Da un lato, lo shifting e la mescolanza continua di fatti culturali forse eterogenei mette in dubbio identitá nazionali, personali, culturali, di genere al punto che si rendono necessarie ricostruzioni e storiografie alternative, alla ricerca di un riconoscimento e di una legittimazione che altrimenti la monocultura non accetterebbe. La monocultura propriamente detta esplode in quelle che una volta avremmo chiamato contro-culture, ma che ora, per assenza di slancio rivoluzionario, possiamo chiamare solo nicchie o alternative. Alcuni commentatori hanno identificato, curiosamente, Avengers: Endgame come ultimo momento monoculturale del decennio scorso, e probabilmente, anche guardando a quanto divergenti siano le estetiche delle prossime produzioni MCU, potrebbe esserci qualcosa di vero.
Poi, come anticipato anche da Spider-Man: Far From Home in contesto MCU, siamo al centro di una continua rilettura e reinterpretazione della veritá - davanti all’annullamento e alla riscrittura costante dei fatti, l’unica cosa che ha senso é la difesa di diritti assoluti per cui valga la pena combattere (di cui Sylvie é forse l’ultima, nichilista rappresentante nel contesto di Loki).
O ancora, in un regime di dittatura della nostalgia e nell’estetica dell’eterno e riconnesso ritorno, il consumo dell’intrattenimento e la sua digestione (meme in primis) ha infranto le barriere tra linguaggio e metalinguaggio. I meme sono valuta di transazione culturale e non possono trascendere dai contenuti originali che rielaborano. Il multiverso é uno step necessario in cui tutti questi strati culturali giustapposti e contingenti diventano canonici/legittimati sia diegeticamente all’interno di un racconto che extra/metadiegeticamente all’esterno della conversazione sui racconti stessi.
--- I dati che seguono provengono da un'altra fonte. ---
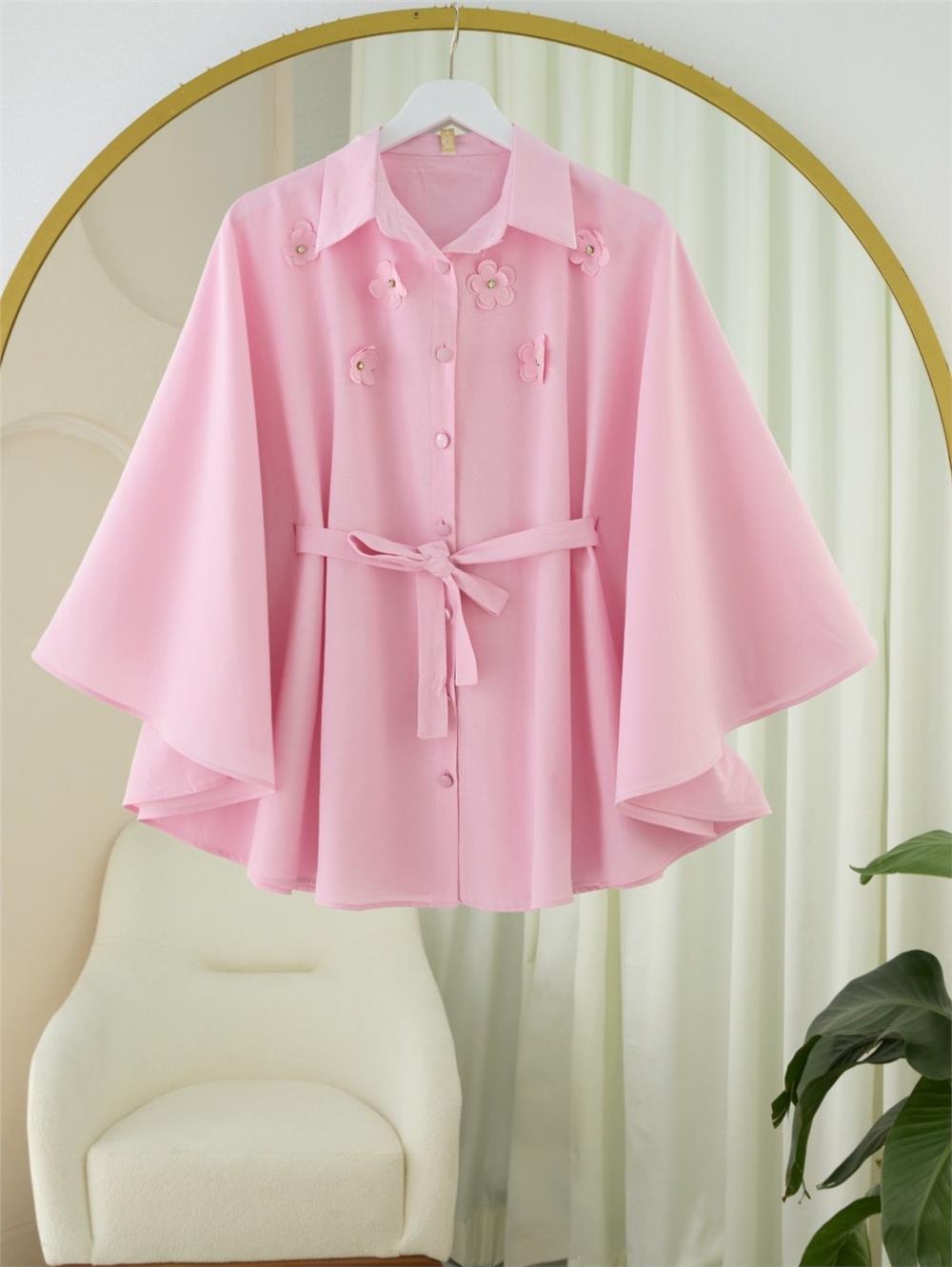 Önü Çiçek Detaylı Beli Bağcıklı Düğmeli Panço -Pembe-398-1048-R20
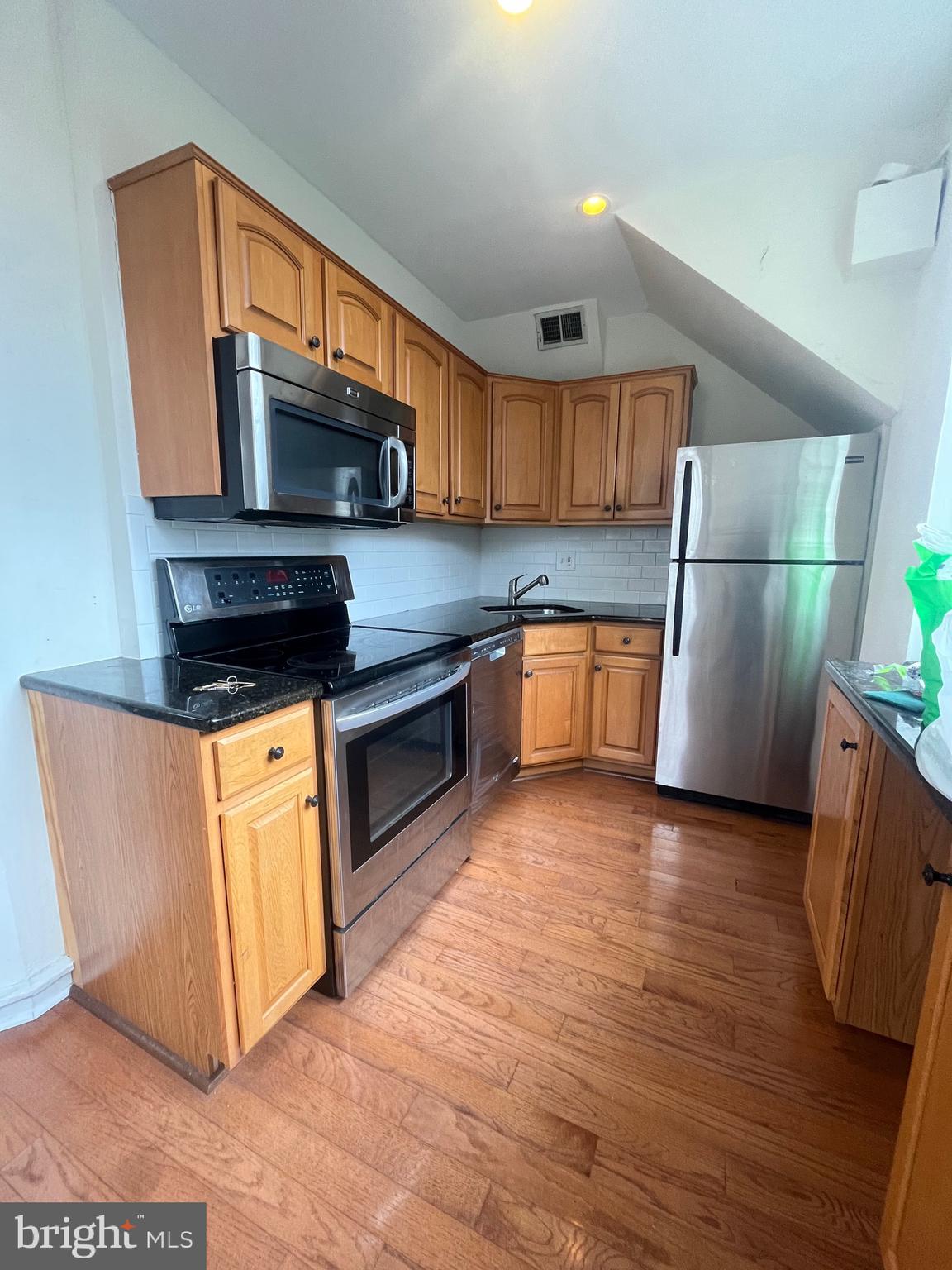 SOCIETY HILL - Residential Lease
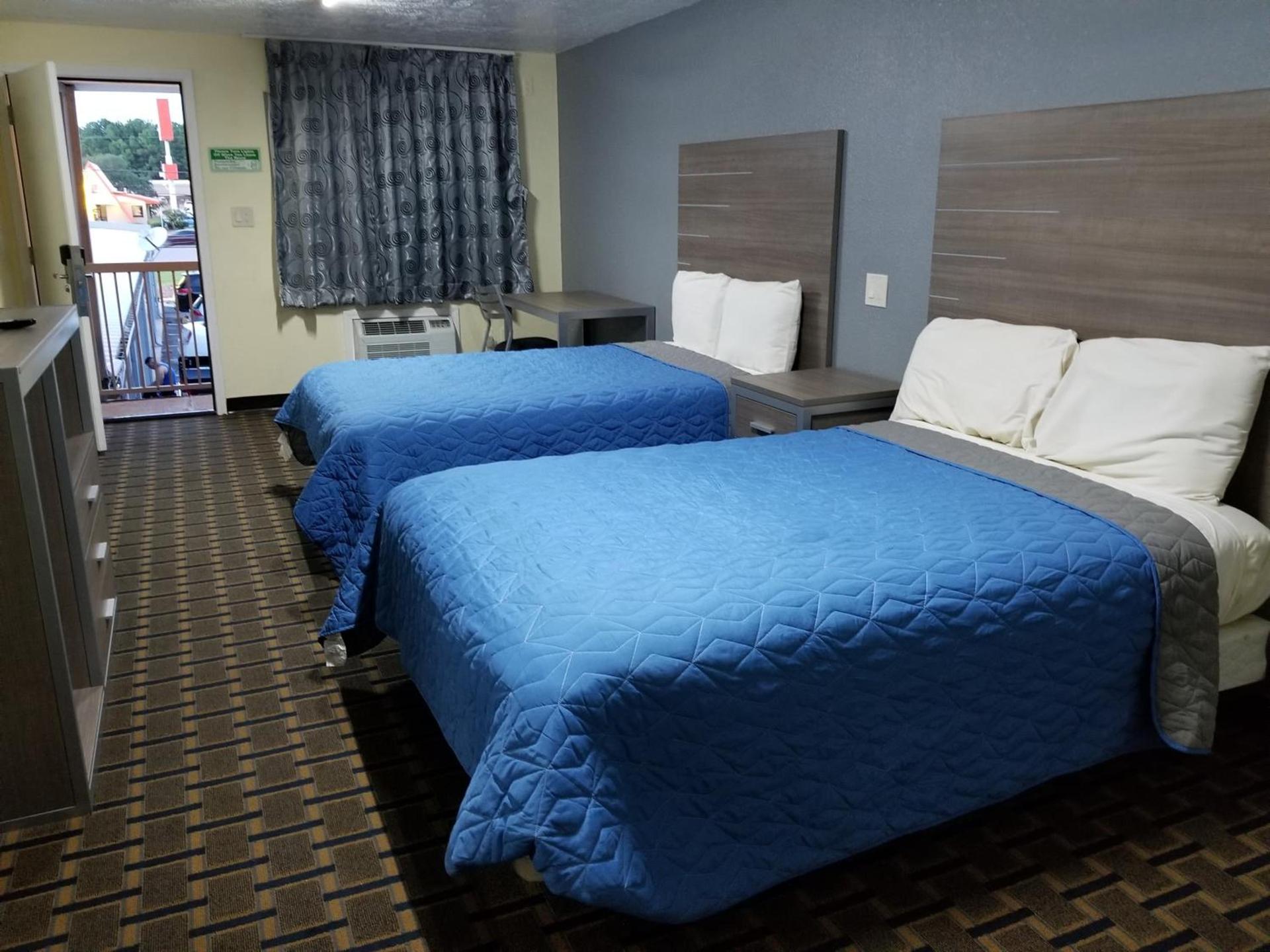 Ameristay Inn & Suites photo 2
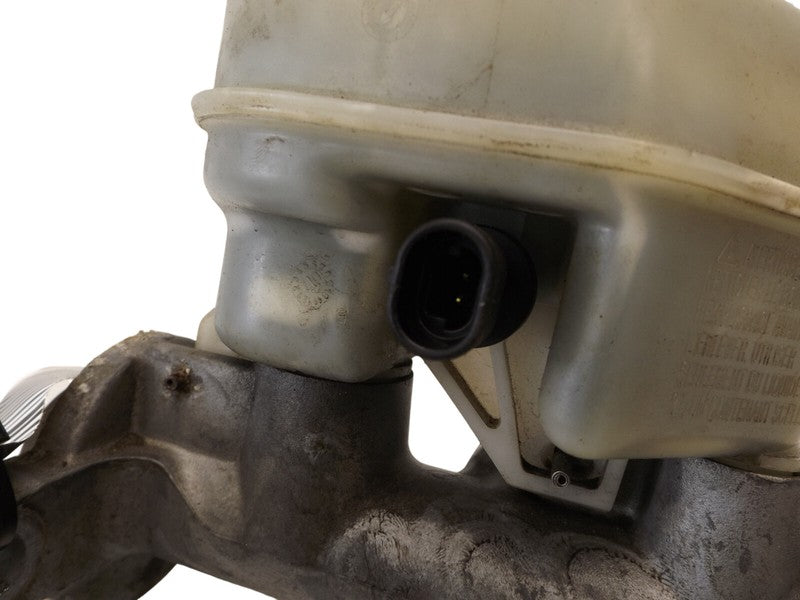 22796285 2009-2016 Chevrolet Impala Brake Master Cylinder W/ Reservoir Vin W 8th Digit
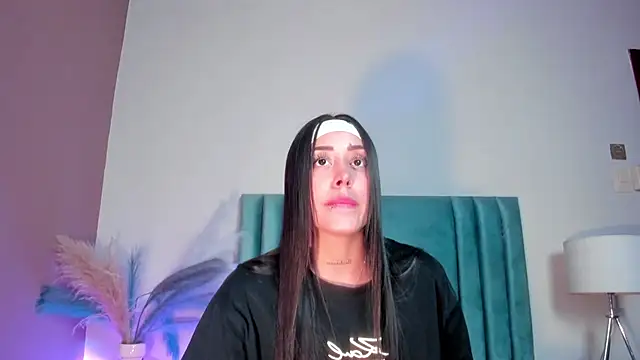 NoraDasilva online show from February 10, 11:19 pm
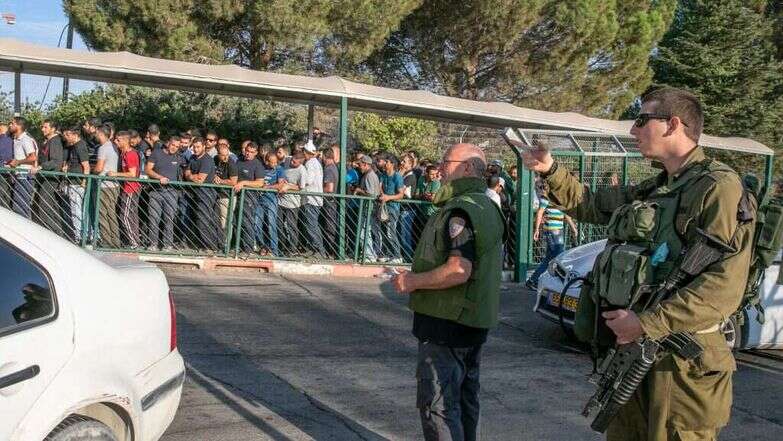 פועלים פלסטינים בכניסה לאזור התעשייה ברקן. ארכיון | יוסי אלוני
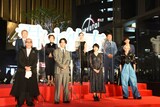 下段左から竹中直人、瀬戸利樹、松本穂香、夏木マリ、上段左から高野之夫豊島区長、大谷育江、土屋アンナ、木本武宏（TKO）、瀬名快伸監督。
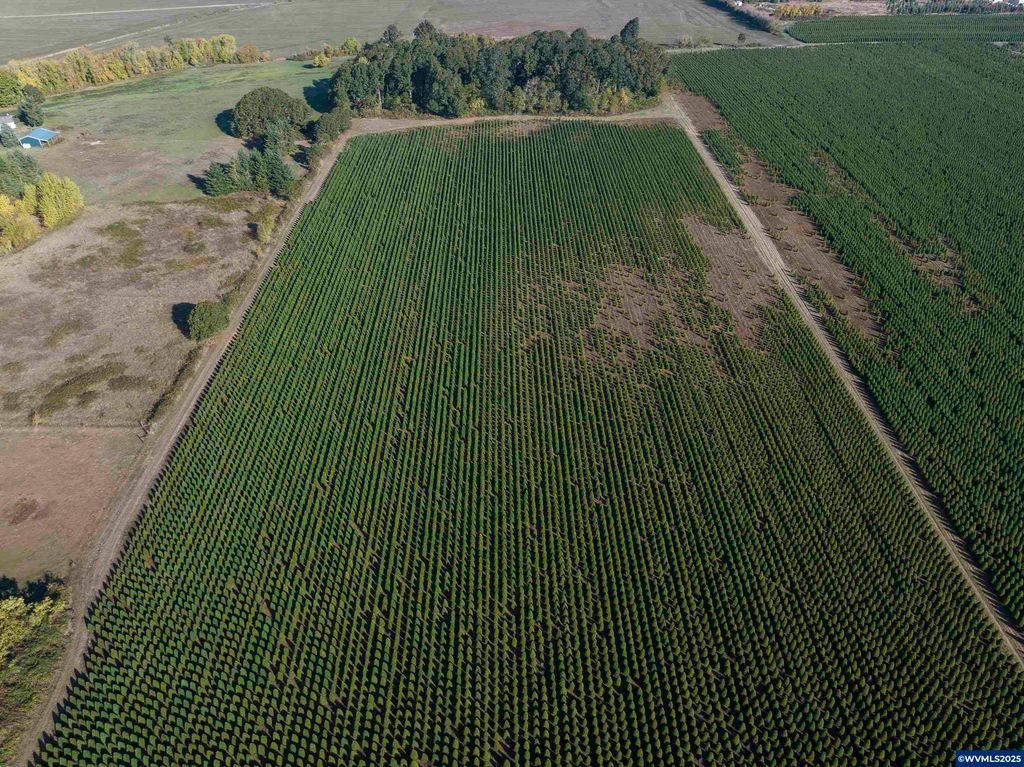 Image 27 of property listing at 25110 SW Red Prairie Rd, Sheridan, OR 97378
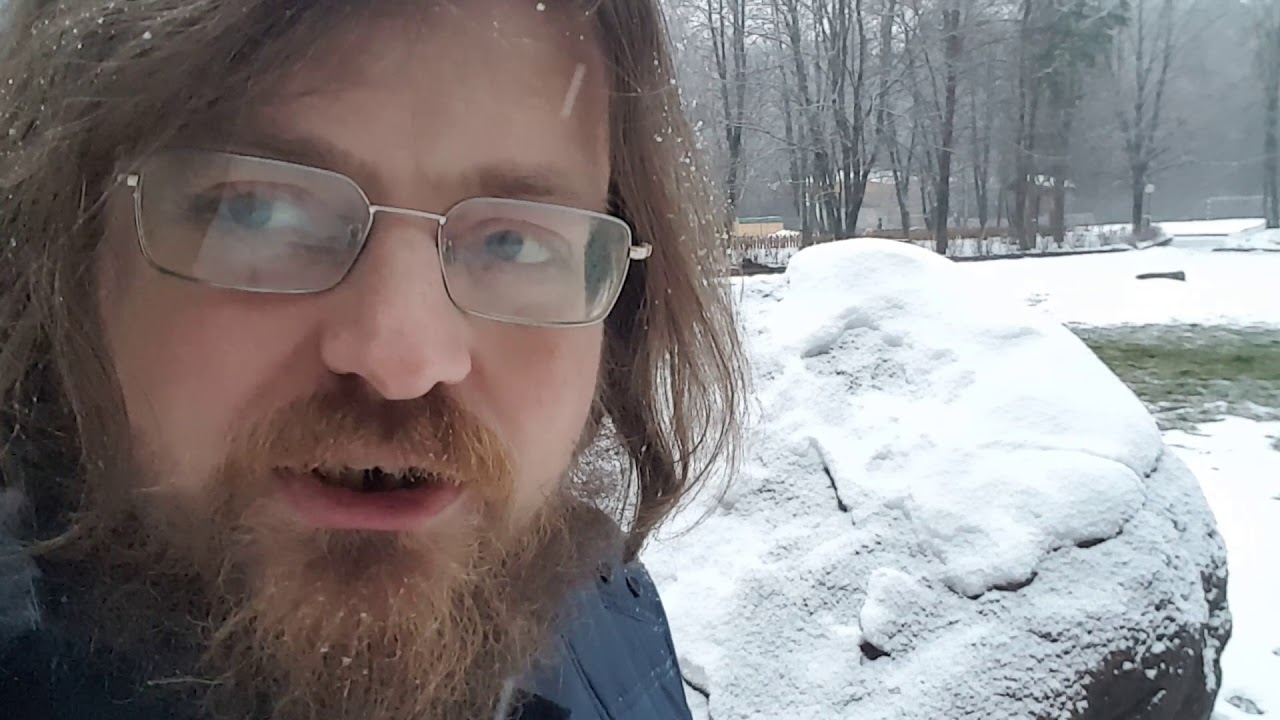 Блоггер баташев. Антон баташев. анатолий баташев фото с колбасой. егор баташев ютуб.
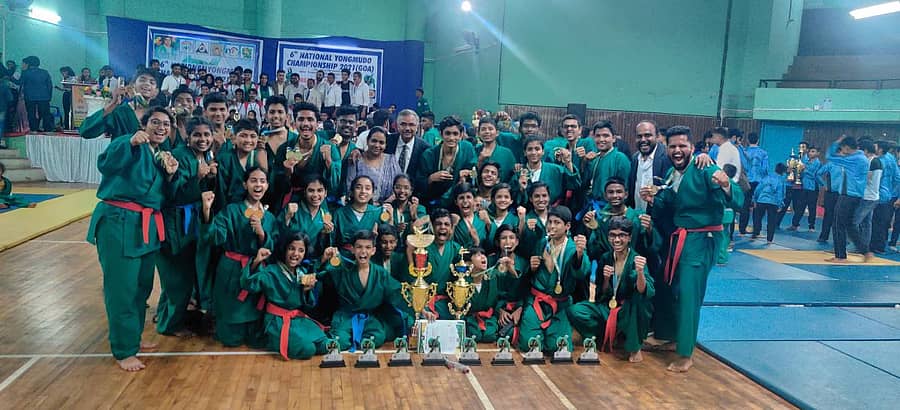 ಪ್ರಶಸ್ತಿಯೊಂದಿಗೆ ಕರ್ನಾಟಕ ತಂಡ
E tutto questo da un lato alimenta la ludicitá della conversazione quando il terreno é fuori dal film/serie, dall’altra diventa una ricompensa per gli spettatori più attenti (portando al cinema quanto successo per la narrazione seriale televisiva) quando é all’interno del contenuto. In questa stratificazione continua di significati, da multiverso si passa a metaverso, e in quanto tale potenzialmente “tokenizzabile” e monetizzabile (vedasi l’eldorado degli NFT).
E a proposito di fisica quantistica: il Multiverso mainstream potrebbe anche anticipare qualche scoperta scientifica rivoluzionaria? Negli ultimi mesi si é parlato tantissimo di UFO e vita extraterrestre - che il futuro sia alter-terrestre? Che il Dio dello Zeitgeist ci stia preparando a qualcosa di infinitamente imprevedibile - o interrogarsi su realtá contro-fattuali é solo l’orizzonte definitivo della nostra continua fame di escapismo?
Loki ci mostra che al di lá della linearitá percepita del mondo c’é un ulteriore discarica-mashup il cui destino é essere inghiottito dall’oblio. Il Multiverso ci dá uno strumento per immaginarci diversi, e de-responsabilizzarci o, forse, ispirarci a trovare l’alternativa - la famosa singola possibilitá su un milione di possibili scenari di Doctor Strange.